Crawled caption data:

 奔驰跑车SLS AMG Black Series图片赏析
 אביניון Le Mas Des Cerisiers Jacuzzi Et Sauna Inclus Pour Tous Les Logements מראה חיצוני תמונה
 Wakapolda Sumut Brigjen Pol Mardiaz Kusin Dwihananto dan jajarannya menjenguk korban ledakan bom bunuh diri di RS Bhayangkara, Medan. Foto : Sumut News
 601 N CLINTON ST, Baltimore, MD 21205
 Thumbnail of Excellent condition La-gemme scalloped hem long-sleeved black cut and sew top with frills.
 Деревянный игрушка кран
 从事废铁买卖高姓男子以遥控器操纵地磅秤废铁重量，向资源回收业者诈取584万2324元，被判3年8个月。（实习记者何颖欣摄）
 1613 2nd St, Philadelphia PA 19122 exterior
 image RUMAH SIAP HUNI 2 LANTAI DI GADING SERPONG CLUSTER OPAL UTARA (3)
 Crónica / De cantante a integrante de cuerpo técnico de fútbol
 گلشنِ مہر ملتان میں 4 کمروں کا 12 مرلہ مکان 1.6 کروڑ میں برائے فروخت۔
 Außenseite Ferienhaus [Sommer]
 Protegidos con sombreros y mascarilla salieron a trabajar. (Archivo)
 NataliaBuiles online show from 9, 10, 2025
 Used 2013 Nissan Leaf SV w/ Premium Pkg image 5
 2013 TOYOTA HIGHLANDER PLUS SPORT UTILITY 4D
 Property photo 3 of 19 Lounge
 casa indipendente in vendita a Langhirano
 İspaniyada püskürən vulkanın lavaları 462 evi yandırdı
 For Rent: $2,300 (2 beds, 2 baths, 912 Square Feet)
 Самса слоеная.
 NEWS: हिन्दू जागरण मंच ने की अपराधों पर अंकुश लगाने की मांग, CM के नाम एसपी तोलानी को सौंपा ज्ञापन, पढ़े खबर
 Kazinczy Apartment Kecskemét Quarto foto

### EXERCISE DESCRIPTION
Answer with the exact lines running from the one that contains "Property photo 3 of 19 Lounge" through the last line of the data. Include no other line.

### ANSWER SPACE
 Property photo 3 of 19 Lounge
 casa indipendente in vendita a Langhirano
 İspaniyada püskürən vulkanın lavaları 462 evi yandırdı
 For Rent: $2,300 (2 beds, 2 baths, 912 Square Feet)
 Самса слоеная.
 NEWS: हिन्दू जागरण मंच ने की अपराधों पर अंकुश लगाने की मांग, CM के नाम एसपी तोलानी को सौंपा ज्ञापन, पढ़े खबर
 Kazinczy Apartment Kecskemét Quarto foto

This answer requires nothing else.